──────── Task input ────────
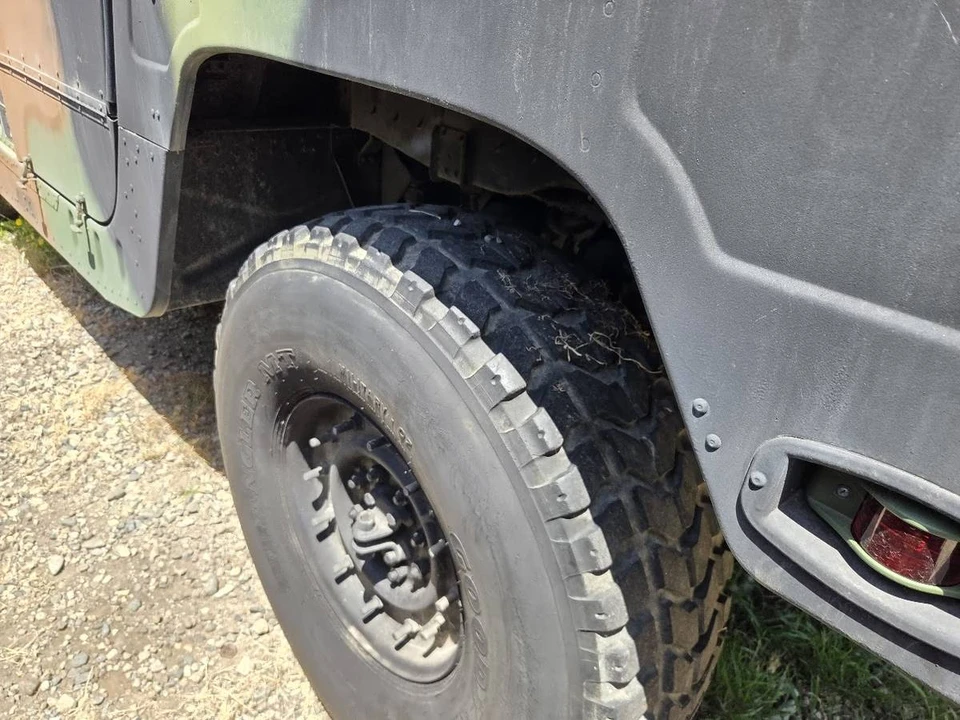 2001 AM General Hummer - Image 18 of 24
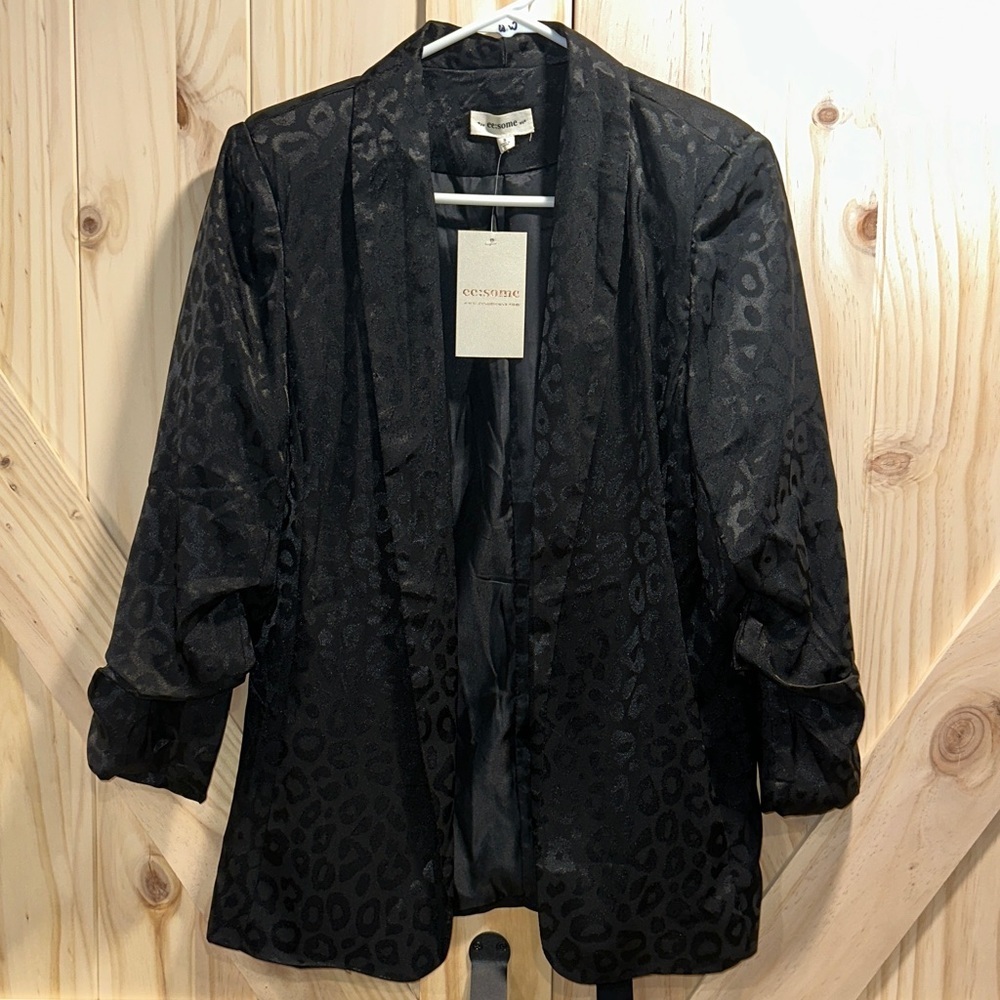 Eesome Elegant Black Patterned Blazer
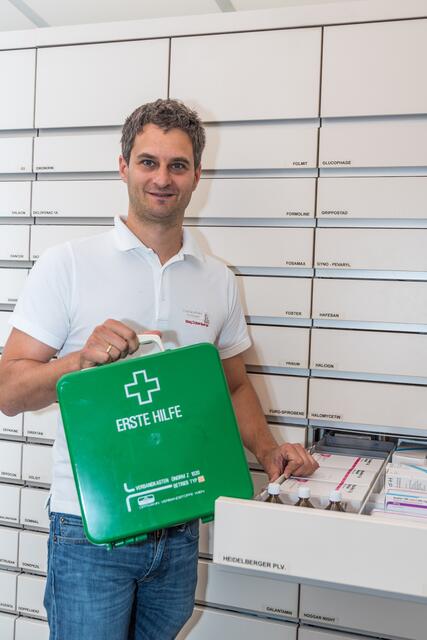 Stefan Dobersberger, Leiter der Stadtapotheke Rohrbach-Berg, weist auf die Bedeutung gut überlegter Inhalte der Reiseapotheke hin. | Foto: Alfred Hofer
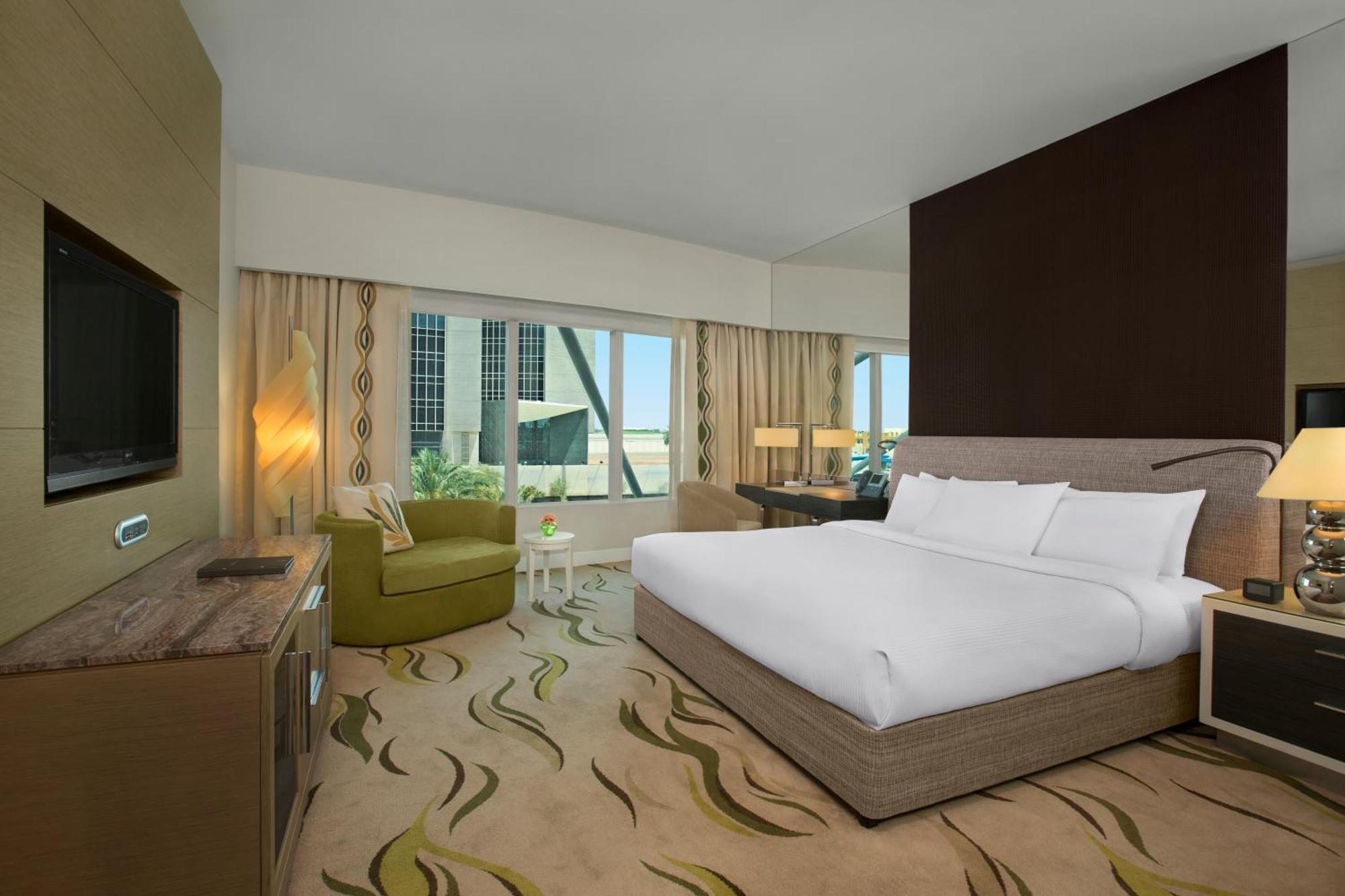 Deluxe Room One King Bed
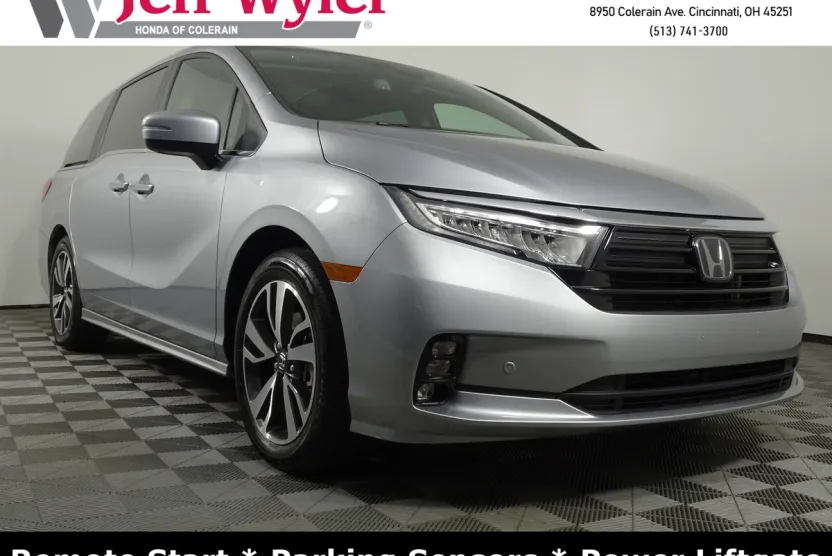 2024 Honda Odyssey Touring photo 1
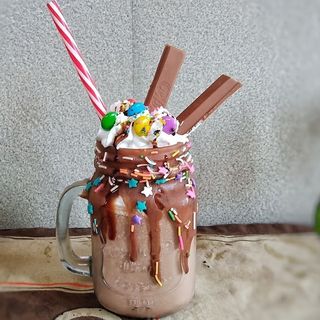 FreakShake kitkat
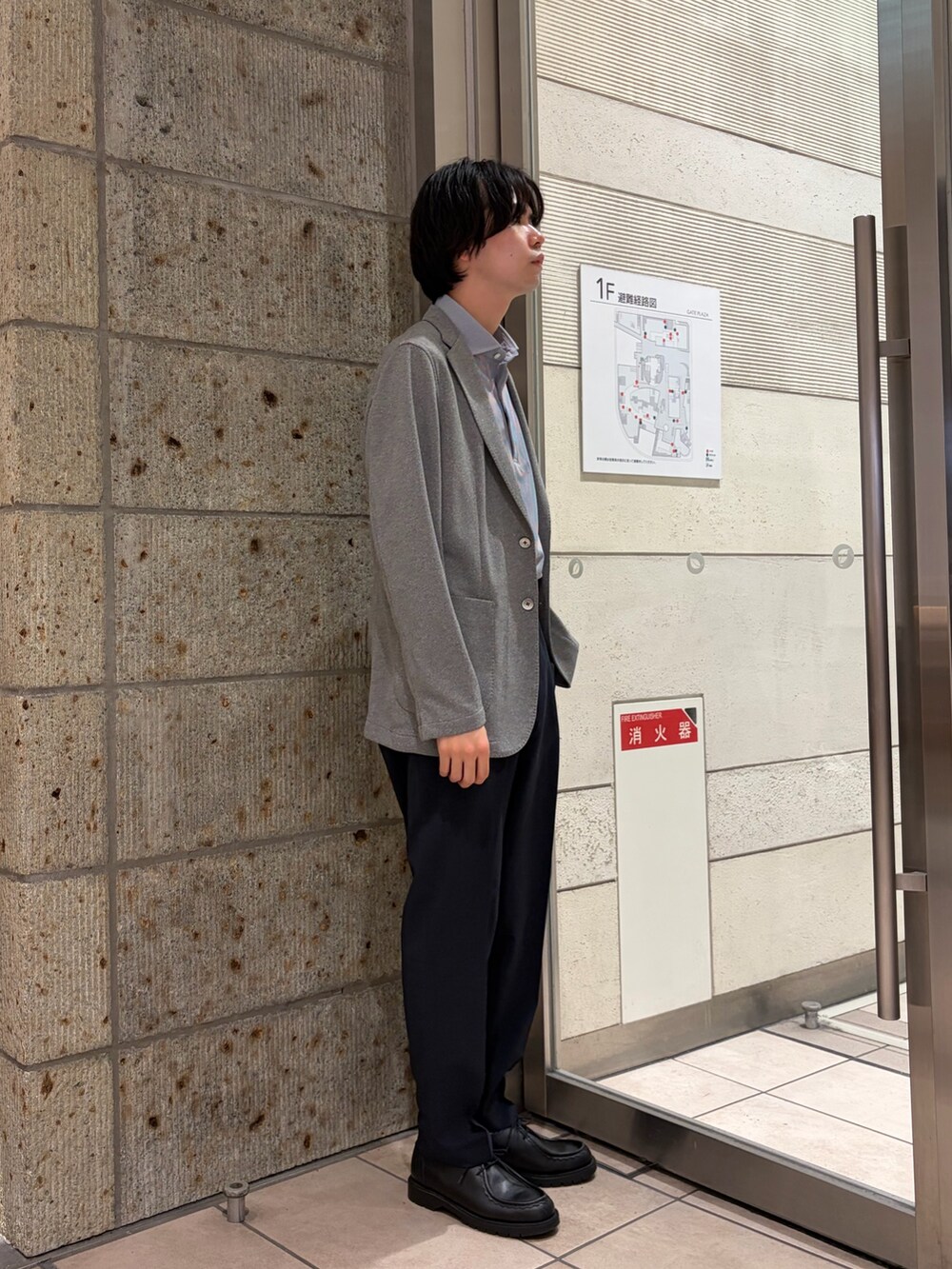 グレー系のシャツ/ブラウス、グレー系のその他アウター、ブルー系のスーツパンツを着用したメンズの春コーディネートの5枚目の写真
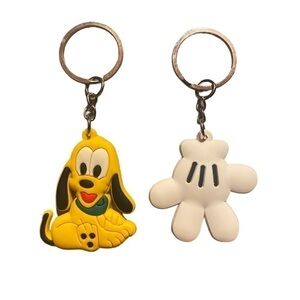 - Disney’s Pluto & Mickey Mouse glove keychain bundle (new)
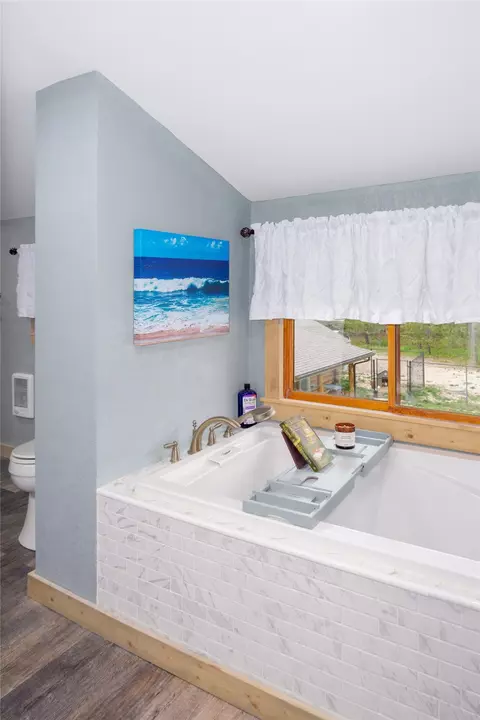 Bath - 465 Luscher Dr, Libby, MT 59923 photo 1 of 7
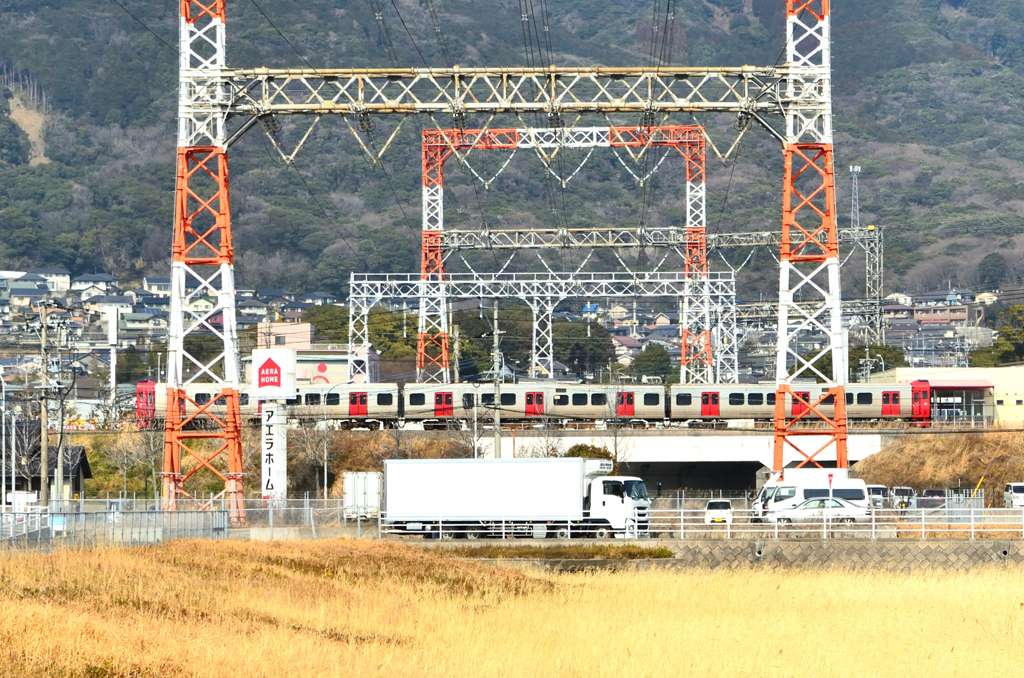 小倉散策2022　電車とガントリー鉄塔
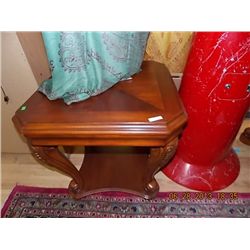 MAHOGANY END TABLE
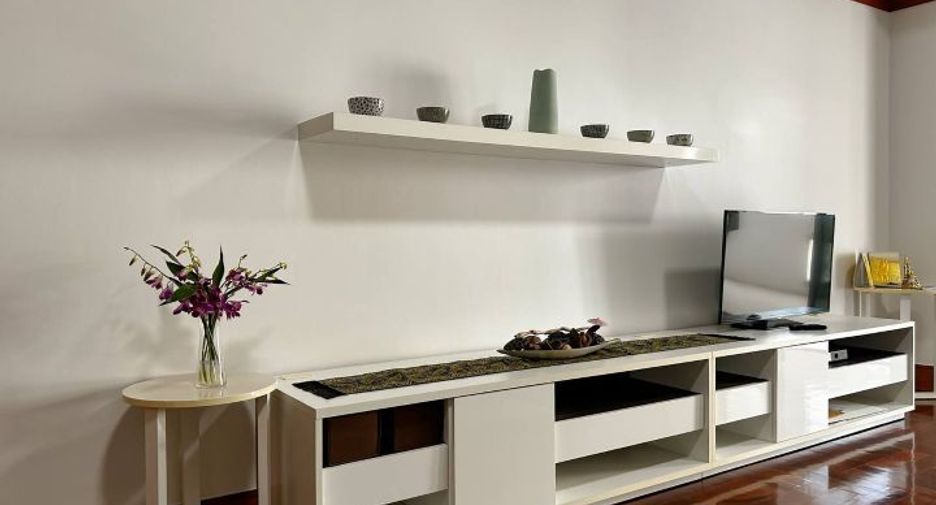 For sale 1 bed condo in Pratumnak, Pattaya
────────
Your answer must be the exact lines of the records from the first one through the line containing "Bath - 465 Luscher", with no pictures in it.

■ Output of the task ■
 2001 AM General Hummer - Image 18 of 24
 Eesome Elegant Black Patterned Blazer
 Stefan Dobersberger, Leiter der Stadtapotheke Rohrbach-Berg, weist auf die Bedeutung gut überlegter Inhalte der Reiseapotheke hin. | Foto: Alfred Hofer
 Deluxe Room One King Bed
 2024 Honda Odyssey Touring photo 1
 FreakShake kitkat
 グレー系のシャツ/ブラウス、グレー系のその他アウター、ブルー系のスーツパンツを着用したメンズの春コーディネートの5枚目の写真
 - Disney’s Pluto & Mickey Mouse glove keychain bundle (new)
 Bath - 465 Luscher Dr, Libby, MT 59923 photo 1 of 7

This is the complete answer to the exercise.